» ABOUT THIS EXERCISE
Everything below from the line with "Sol Raffia Hobo Bag - Pistachio" through the line with "toteme embroidered scarf jacket" must be retyped exactly, except the pictures.

» DATA
----------

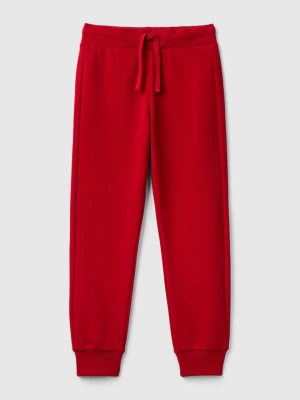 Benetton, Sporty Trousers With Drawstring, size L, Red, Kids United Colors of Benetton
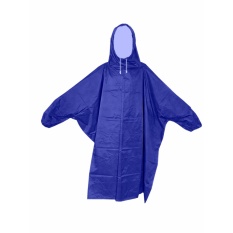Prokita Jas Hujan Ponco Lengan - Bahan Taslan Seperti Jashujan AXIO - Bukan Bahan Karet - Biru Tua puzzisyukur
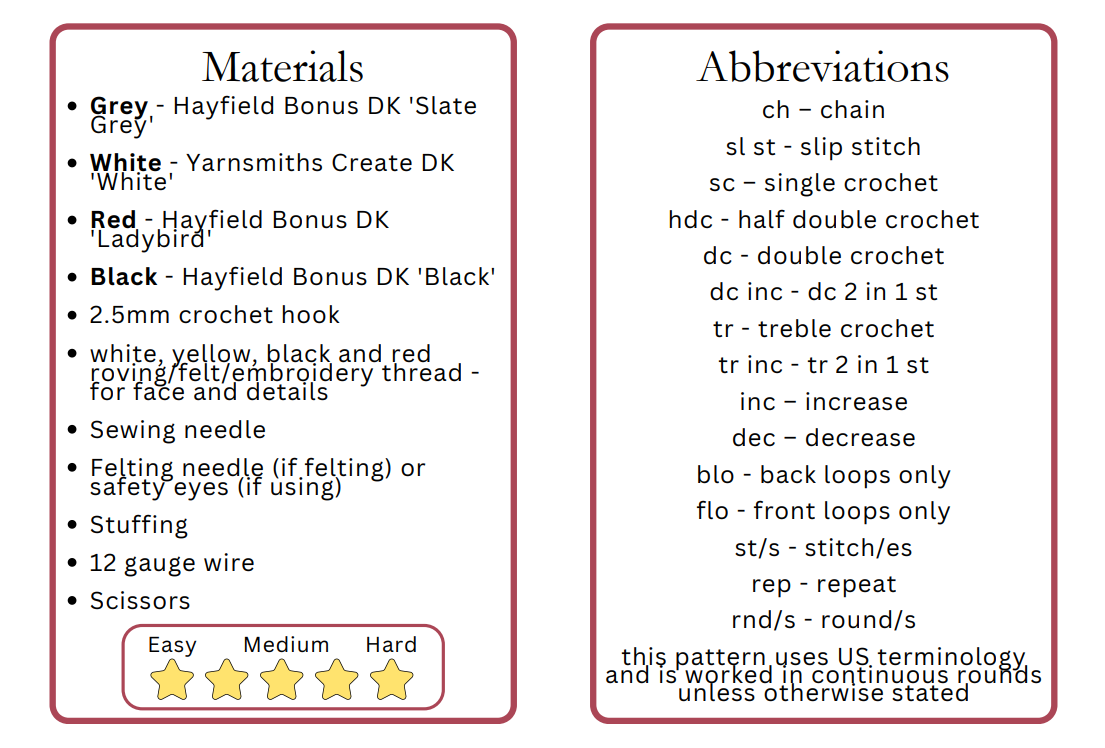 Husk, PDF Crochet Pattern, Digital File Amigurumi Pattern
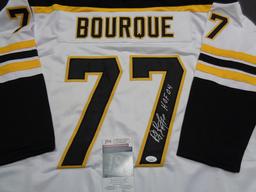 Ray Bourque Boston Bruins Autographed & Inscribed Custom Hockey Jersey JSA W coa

----------

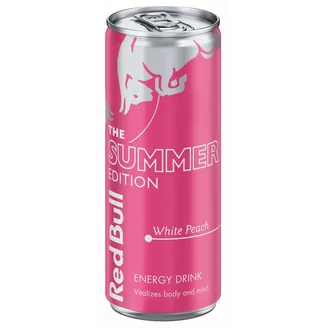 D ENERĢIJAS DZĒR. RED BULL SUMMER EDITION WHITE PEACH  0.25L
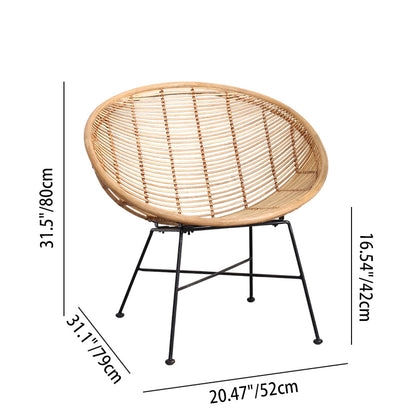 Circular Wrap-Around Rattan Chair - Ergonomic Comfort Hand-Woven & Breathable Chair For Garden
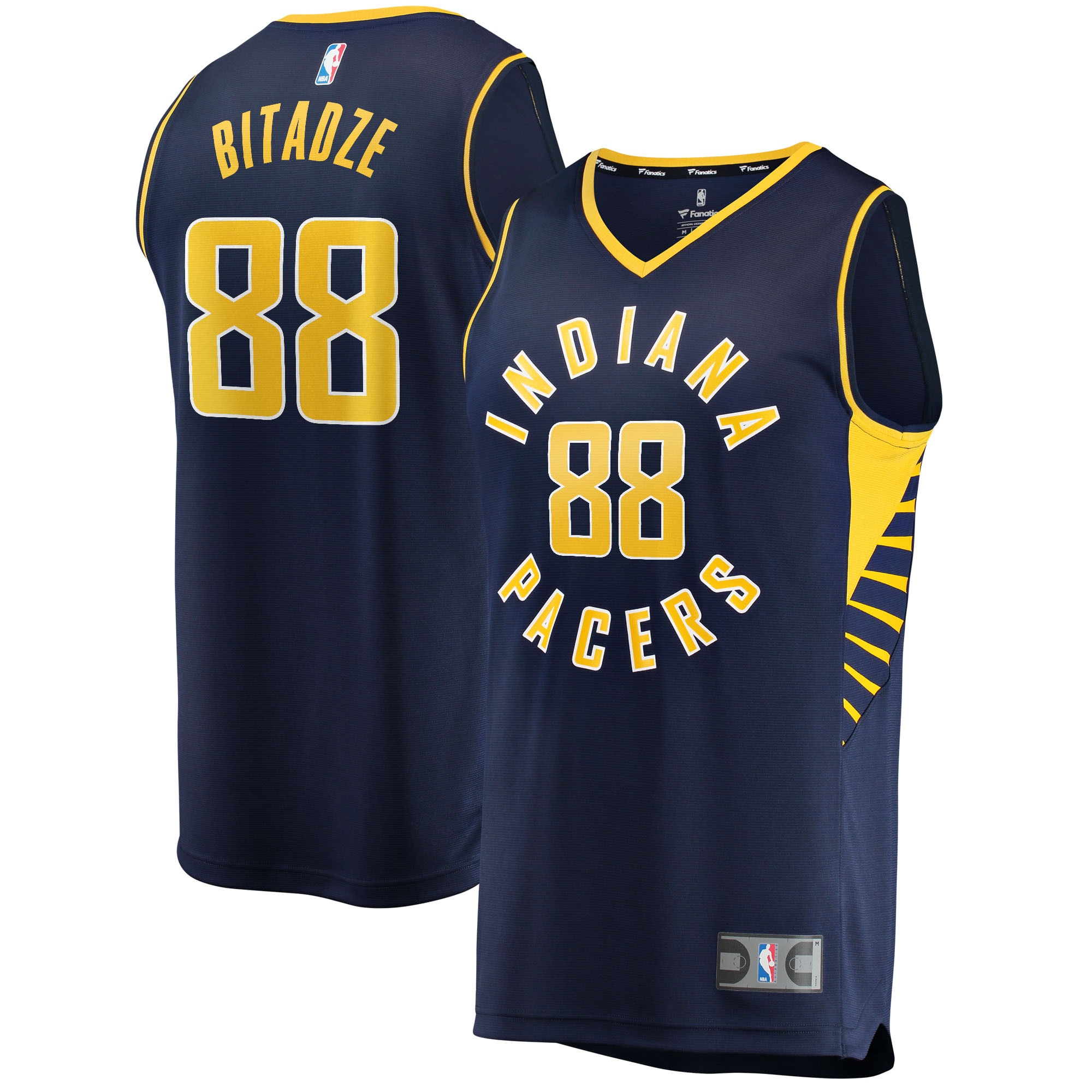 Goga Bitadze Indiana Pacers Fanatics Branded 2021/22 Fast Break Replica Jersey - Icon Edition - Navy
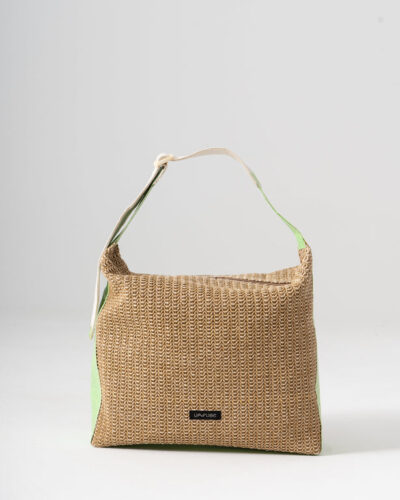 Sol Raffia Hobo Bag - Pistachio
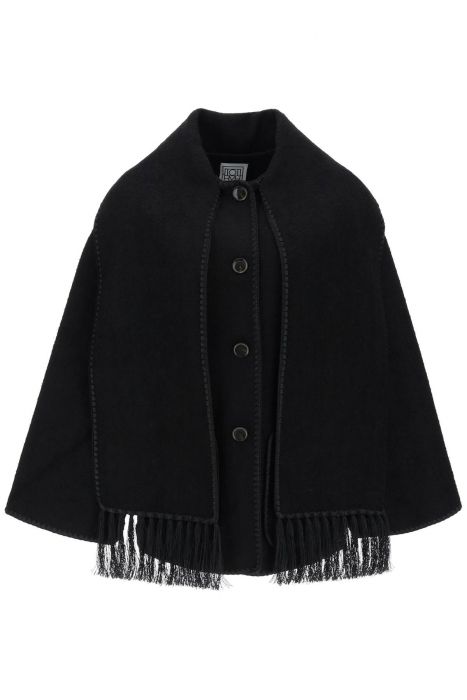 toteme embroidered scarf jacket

----------

» EXERCISE OUTPUT
 Sol Raffia Hobo Bag - Pistachio
 toteme embroidered scarf jacket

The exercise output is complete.